[Activity] Return all lines of the listing below that carry the word "Crystal".

Start of Block

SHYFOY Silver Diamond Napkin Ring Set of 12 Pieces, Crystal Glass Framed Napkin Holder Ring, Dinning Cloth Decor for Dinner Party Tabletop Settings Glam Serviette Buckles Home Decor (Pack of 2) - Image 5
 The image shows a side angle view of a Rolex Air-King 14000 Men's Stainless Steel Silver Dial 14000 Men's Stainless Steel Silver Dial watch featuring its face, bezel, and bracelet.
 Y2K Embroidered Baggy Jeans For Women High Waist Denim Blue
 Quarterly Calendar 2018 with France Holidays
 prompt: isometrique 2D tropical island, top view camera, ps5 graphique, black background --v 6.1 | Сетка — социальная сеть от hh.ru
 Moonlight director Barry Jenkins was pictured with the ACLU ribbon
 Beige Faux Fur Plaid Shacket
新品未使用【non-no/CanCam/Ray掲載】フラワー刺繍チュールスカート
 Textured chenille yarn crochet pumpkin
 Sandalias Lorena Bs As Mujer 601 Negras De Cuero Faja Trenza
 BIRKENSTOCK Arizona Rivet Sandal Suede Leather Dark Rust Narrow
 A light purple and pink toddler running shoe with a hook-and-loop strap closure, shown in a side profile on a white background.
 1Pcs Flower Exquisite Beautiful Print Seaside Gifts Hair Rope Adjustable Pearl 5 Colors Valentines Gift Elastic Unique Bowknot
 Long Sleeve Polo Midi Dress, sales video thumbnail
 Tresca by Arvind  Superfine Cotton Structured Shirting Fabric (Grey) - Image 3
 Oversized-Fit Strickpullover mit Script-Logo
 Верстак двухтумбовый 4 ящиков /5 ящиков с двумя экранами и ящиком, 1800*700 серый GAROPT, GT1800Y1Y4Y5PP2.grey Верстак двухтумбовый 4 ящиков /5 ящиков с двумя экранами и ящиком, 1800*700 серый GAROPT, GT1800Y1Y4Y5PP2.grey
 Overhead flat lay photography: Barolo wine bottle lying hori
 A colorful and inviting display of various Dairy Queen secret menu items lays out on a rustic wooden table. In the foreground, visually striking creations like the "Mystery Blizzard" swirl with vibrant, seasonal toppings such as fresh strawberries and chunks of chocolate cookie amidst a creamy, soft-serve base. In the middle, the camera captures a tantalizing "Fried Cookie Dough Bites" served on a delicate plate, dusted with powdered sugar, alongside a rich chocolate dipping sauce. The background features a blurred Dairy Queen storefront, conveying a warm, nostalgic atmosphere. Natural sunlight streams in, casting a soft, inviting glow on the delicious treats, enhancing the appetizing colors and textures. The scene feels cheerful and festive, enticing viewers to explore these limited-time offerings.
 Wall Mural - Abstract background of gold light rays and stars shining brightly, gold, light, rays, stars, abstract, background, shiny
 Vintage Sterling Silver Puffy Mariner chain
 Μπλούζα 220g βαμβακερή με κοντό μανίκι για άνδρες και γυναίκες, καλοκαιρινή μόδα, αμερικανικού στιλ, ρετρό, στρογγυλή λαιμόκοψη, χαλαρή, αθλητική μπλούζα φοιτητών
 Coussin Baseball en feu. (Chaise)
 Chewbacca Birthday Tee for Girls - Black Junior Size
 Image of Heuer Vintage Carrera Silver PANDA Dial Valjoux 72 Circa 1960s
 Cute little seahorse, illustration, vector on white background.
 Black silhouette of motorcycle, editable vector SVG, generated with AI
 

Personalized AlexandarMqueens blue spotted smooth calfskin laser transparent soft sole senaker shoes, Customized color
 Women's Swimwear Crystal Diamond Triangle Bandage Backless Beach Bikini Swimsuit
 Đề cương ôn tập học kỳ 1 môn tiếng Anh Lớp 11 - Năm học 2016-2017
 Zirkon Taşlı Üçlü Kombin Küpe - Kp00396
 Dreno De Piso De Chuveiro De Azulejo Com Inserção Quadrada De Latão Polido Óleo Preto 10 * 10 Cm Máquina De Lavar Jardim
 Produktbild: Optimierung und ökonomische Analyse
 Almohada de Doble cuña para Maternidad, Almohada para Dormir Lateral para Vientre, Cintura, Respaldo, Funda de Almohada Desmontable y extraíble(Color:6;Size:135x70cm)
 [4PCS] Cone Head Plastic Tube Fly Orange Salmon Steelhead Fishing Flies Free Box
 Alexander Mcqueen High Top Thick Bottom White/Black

End of Block

[Solution to this exercise]
SHYFOY Silver Diamond Napkin Ring Set of 12 Pieces, Crystal Glass Framed Napkin Holder Ring, Dinning Cloth Decor for Dinner Party Tabletop Settings Glam Serviette Buckles Home Decor (Pack of 2) - Image 5
 Women's Swimwear Crystal Diamond Triangle Bandage Backless Beach Bikini Swimsuit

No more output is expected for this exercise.